In other words, the terrorist, the insurgent, doesn't give a rat's crap about how he achieves his goal: the goal is taking power. Everything else is secondary. This is part of the legacy that the generation of communist training of 3rd-world terrorists by the former SovUnion has left us: this is part and parcel of how the Sovs trained their useful idiots to destabilize countries in order to achieve the revolution. If anything, you targeted the opponent's morality directly, get him to do terrible things in order to drive a moral dagger into his heart to destroy his will to resist. If he didn't do it, if he was strong enough to refuse to be manipulated into blowing up schools and churches that you were using, if his soldiers were so good that they would shoot between the human shields in order to get you, well then you create atrocities and get useful idiots to make it look like your opponent did it instead of you.


Second: the goal of the non-insurgent is to win the hearts and minds of the people, to get them to collectively deny and reject the terrorists. This is heavily dependent upon the structure of society: if you have a largely intact society, this is relatively easy, especially if the terrorists really don't have a base to operate from and really don't have legitimate grievances (like Baader-Meinhof in Germany).

The problem is when the society involved is in tatters, as it is in Iraq, as it was to a certain extent in Vietnam. Then you have the joint task of reconstructing society **while** denying the enemy the necessary radicalization at the same time. This is much, much more difficult than what the insurgent must do: he must merely destroy; you must not merely prevent the destruction, but also aid in the reconstruction.

This is part of the asymmetric nature of the conflict. It's not just that one side has all the neat toys and walks the walk, forcing poor Mr. Terrorist to hide and skulk (a rather irresponsible romanticizing of how terrorists work!); it's much more that Mr. Terrorist has a vastly simpler job, of using terror and the ensuing intimidation to dominate the situation. That's his advantage in the asymmetric side of the story.

So, given this, the key question becomes: are we even talking the same language here?

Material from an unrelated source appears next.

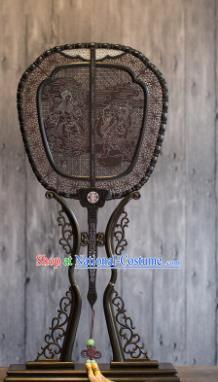 China Handmade Ebony Fan Traditional Carving Wood Fan Classical Palace Fan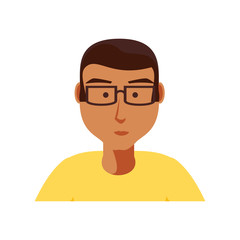 man black with eyeglasses avatar character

Those perpetrating terror see their aims as being absolutely just, of having perfect and indeed moral certainty that their aims are just, that the society they are destroying is not one that is just and therefore MUST be destroyed (otherwise they'd not have bothered!).

But their goal is the destruction of the existing system. That is the difference, the fundamental and core difference. They are not interested in the niceties of restoring pre-war borders, or of returning territories once lost, or stopping genocide, or any such goal. They are only interested in destruction and acquiescence, and indeed have moved violence from the military to the population in order to force the issue.

The difference is fundamental: on the one side you have existing societies with their inherent problems, contradictions and conflicts. Wars may be fought, but tradition has it that you have a winner and a loser and that you no longer behave like a barbarian, slaughtering and depopulating in order to destroy your enemy.

On the other side you have the destroyers and nihilists, those who hate societies so much that they will do literally anything to destroy their structures. They are, literally, outside the realm of civilization.

And failing to see the fundamental difference between the two is an act of appalling political and cultural blindness.